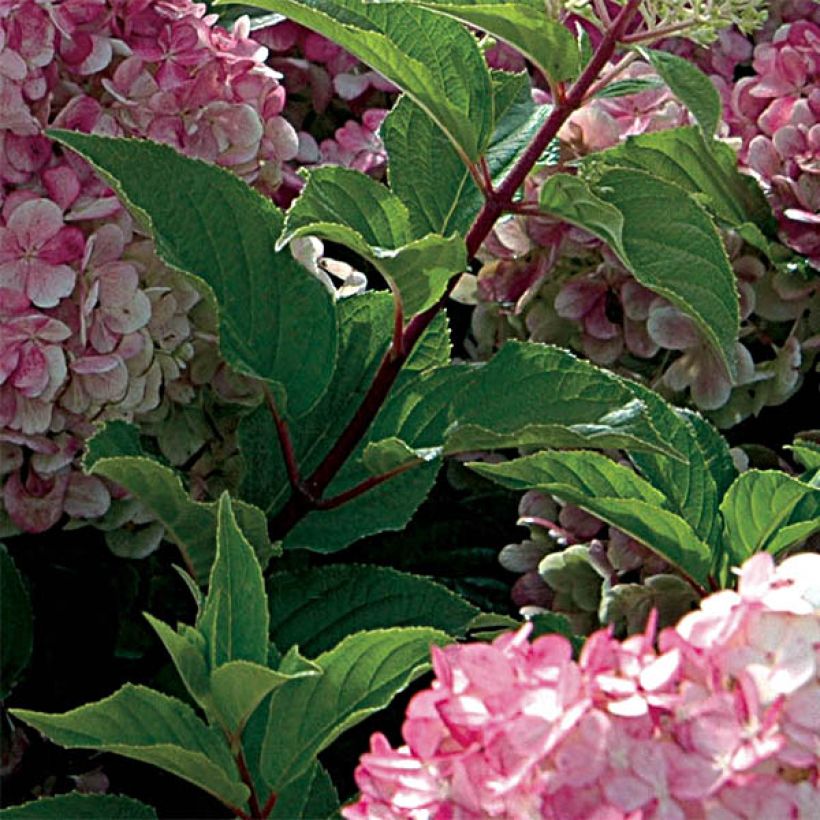 Hydrangea paniculata Vanille Fraise - Ortensia paniculata (Fogliame)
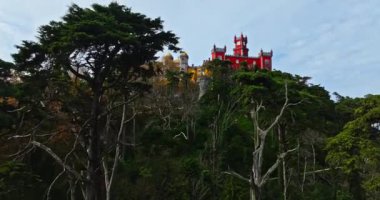 Mistik Orman Manzarası Sintra Portekiz 'deki Tarihi Pena Şatosu' nu gözler önüne seriyor.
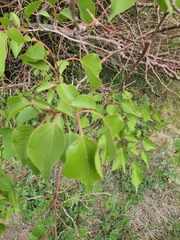 (c) Urgamal Magsar, some rights reserved (CC BY) Prunus sibirica, photograph (c) Urgamal Magsar, some rights reserved (CC BY)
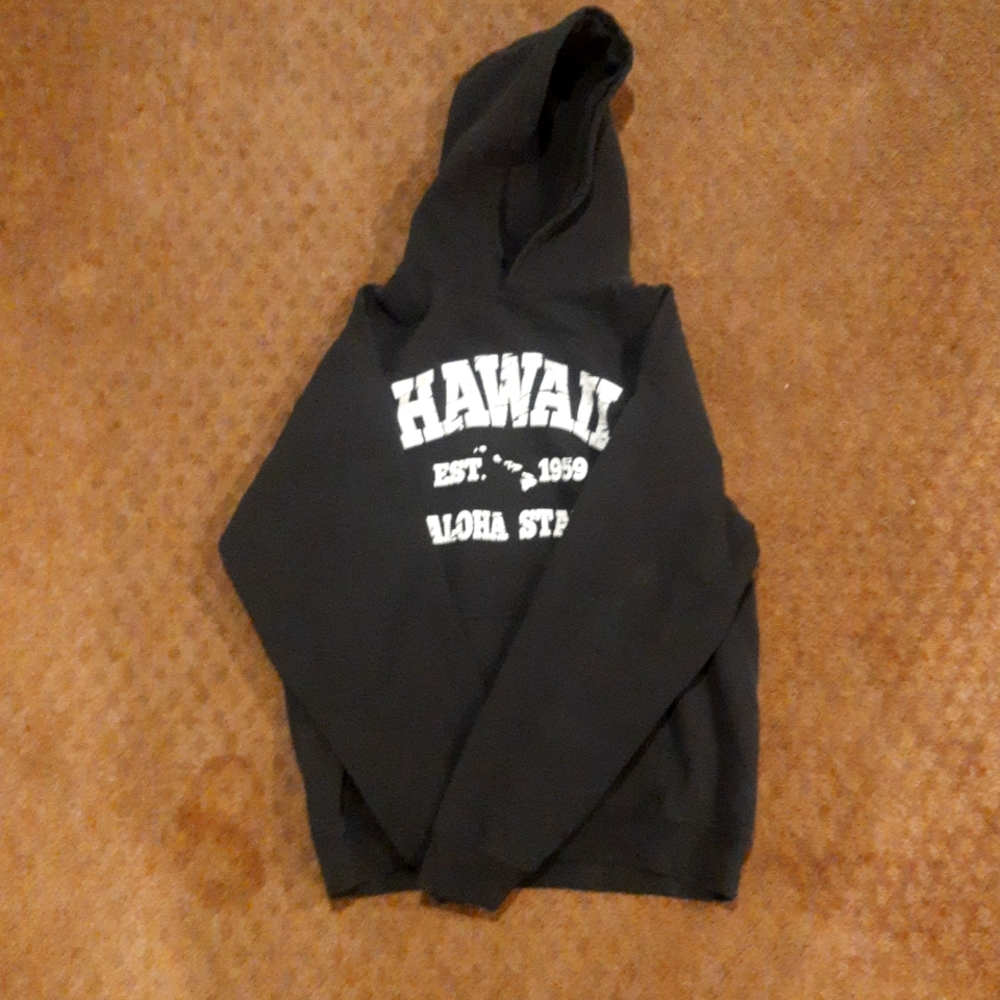 Hawaii 1959 aloha state hoodie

■ **Assignment**
Pictures aside, retype the material exactly.

■ **Expected answer**
 Hydrangea paniculata Vanille Fraise - Ortensia paniculata (Fogliame)
 Mistik Orman Manzarası Sintra Portekiz 'deki Tarihi Pena Şatosu' nu gözler önüne seriyor.
 (c) Urgamal Magsar, some rights reserved (CC BY) Prunus sibirica, photograph (c) Urgamal Magsar, some rights reserved (CC BY)
 Hawaii 1959 aloha state hoodie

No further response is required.